Partisanship on the Environment


The chart above summarizes the environmental votes of members of the House of Representatives in the 112th Congress.  Specifically, the x-axis is the score on environmental votes according to the League of Conservation Voters (LCV).  The red curve then shows the percentage (on the y-axis) of all Republican representatives who reached that score (on the x-axis) or less.  The blue curve shows the percentage of all Democratic representatives who had at least that score.

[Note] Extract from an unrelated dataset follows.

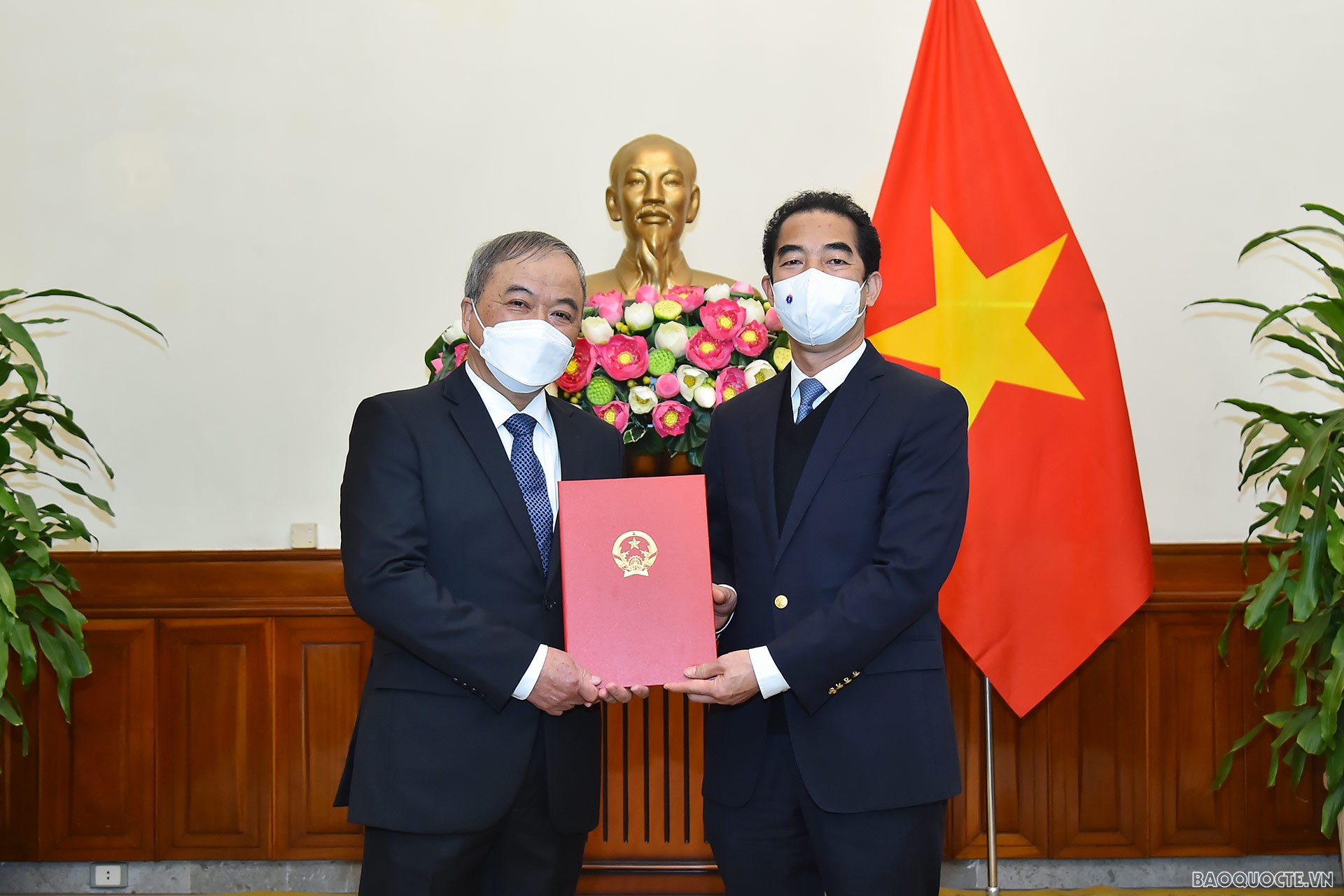 Thứ trưởng Ngoại giao Tô Anh Dũng đã trao quyết định tiếp nhận và điều động ông Nguyễn Hoàng Việt, nguyên Tổng Lãnh sự Việt Nam tại Vladivostok, Nga giữ chức Phó Cục trưởng Cục Phục vụ Ngoại giao đoàn.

For the purposes of this post, I take the LCV score as a reasonable proxy for overall commitment to the environment by legislators - readers are invited to critique it in comments.  The conclusions from the data are perhaps unsurprising:
  • Democrats tend to be pro-environment and Republicans tend to be anti-environment.
  • The House of Representatives is extremely polarized with the median Democrat having around a 90% LCV score, while the median Republican has around a 10% score.
  • There is a small cross-over, with a small minority of Republicans having half-decent scores (up to  Christopher Smith of New Jersey with a 60% score).  Likewise there are a minority of Democrats with poor scores (down to Jane Harman of California with an 11% score).
  • The Republicans are more tightly clustered than the Democrats.  The Republican average is 11% with a standard deviation of 9% while the Democrat average is 87% (a little further from the extreme end) with a standard deviation of 17% (almost twice as large as the Republican spread).
Needless to say, this is an extremely discouraging political environment for actually solving the very serious environmental problems we face.

3 comments:

  1. To my mind, this is another artifact of the pervasive use of the filibuster in the Senate. When pols, even in the House, know for a fact that the bill, or amendment, in question will never pass, it makes it easier for them to cast votes on the extremes (by which I do mean the high LOCV rating makes one extreme). I suspect that GOPers would probably be just as bad regardless, but that Dems would likely fair worse if they were casting votes for actual policy changes.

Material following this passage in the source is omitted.